Femininity in India has been characterized as soft, gentle and comprehensively embodied in the quintessential blushing bride. She is delicate but with great strength of character and mythic strength to fight and protect. She spanned the unique Madonna – Warrior continuum.
Coming from this space, the emerging archetype is particularly interesting. It has been brought alive on screen most sharply by Alia Bhatt. It is really fresh, so still easier to describe as what it is not. The emerging feminine is chirpy, talkative, ebullient and spirited but she is not Julie Andrews from Sound of Music. She can hang out with the boys, drink them under the table and then crash out at their place and wake up next morning with some shred of doubt whether the boys had the nerve to take advantage of her drunkenness. She is buddy- like but not a tomboy. She is aware of her sexuality and quite eager to explore it but not burdened by morality which has been the traditional tag along for the Indian woman. She is not a rebel and nor is there a sense of celebrating some hard won freedom.
It is femininity that does not reference the masculine. There is some benchmarking against the man in terms of establishing her drinking credentials, in which she has to excel. This of course may be a reflection of the culture’s changing relationship with alcohol which has moved from being the drink of the despondent to being a symbol of partying. In that sense, it is a symbol of her shift from being a careworn dispenser of responsibility to an individual who is entitled to pleasure. However it is not a duel to establish equality or a sneering superiority. She does not mimic the masculine nor does she kick off against it. There are no statements being made and no points being proven here. It is an exciting discovery of territories that were never explored. It may be a playful act of cheating on taboos like checking out a disreputable neighbourhood or a bout of drunken dancing which transits her from the repressed to the expressive.

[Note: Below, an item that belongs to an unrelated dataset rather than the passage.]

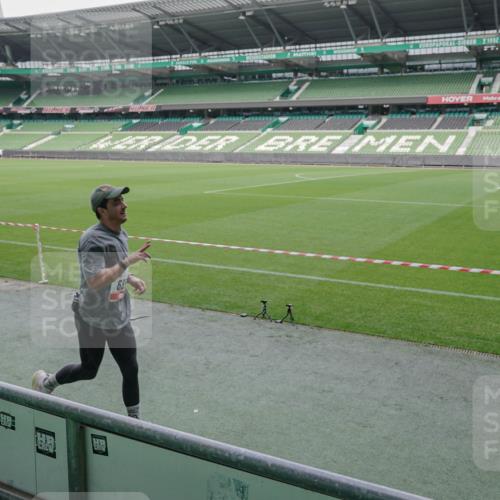 05.10.2025 - 20. swb-Marathon Bremen Michael Burmester http://msf.ph/oto/9269463 05.10.2025 12:39:00 Laufen im Stadion 193, 685, 1329, 1352, 1520, 2940, 3975, 4629, 4807, 5074, 6541, 7551, 7999, 8341, 9082, 383, 1005, 1058, 1379, 1833 meine-sportfotos.de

She is free-spirited but not a wanderer. She can be materialistic and have dodgy ethical standards without being a gangster or a gangster’s moll. And if it is beginning to sound very evolved, the one on that count is easy. The reference point here is Alia Bhatt who has had some notable blonde moments. Of course the way she dealt with it was in keeping with the easy spirit of this femininity. No denial, no defense, no anger – just self-deprecating humour in form of a video titled ‘Genius of the Year.’ The air around this femininity is light and easy and sunny. It commands respect without the attendant gravitas. So, has the new feminine moved away from the traditional roles & associations?
It is not as though everything is being redefined. There is vulnerability, sentimentality and a desire to engage with all the traditional roles and it is done to the best of one’s ability. There is some striving there. Falling short is met with tears but little self-flagellation. The feminine that went before her is not mocked and nor does she take it upon herself the task of defining a brand new space or reimagining every role afresh. The emergence of this new shade of femininity is marked by a sense of ease and guilelessness. It seems to be easy because it is not burdened by a destination. It is very real because it is a shift and not a transformation. Continuity is maintained with the relational identity that she has always held. The difference is that it still exists, but that it is not what defines her today.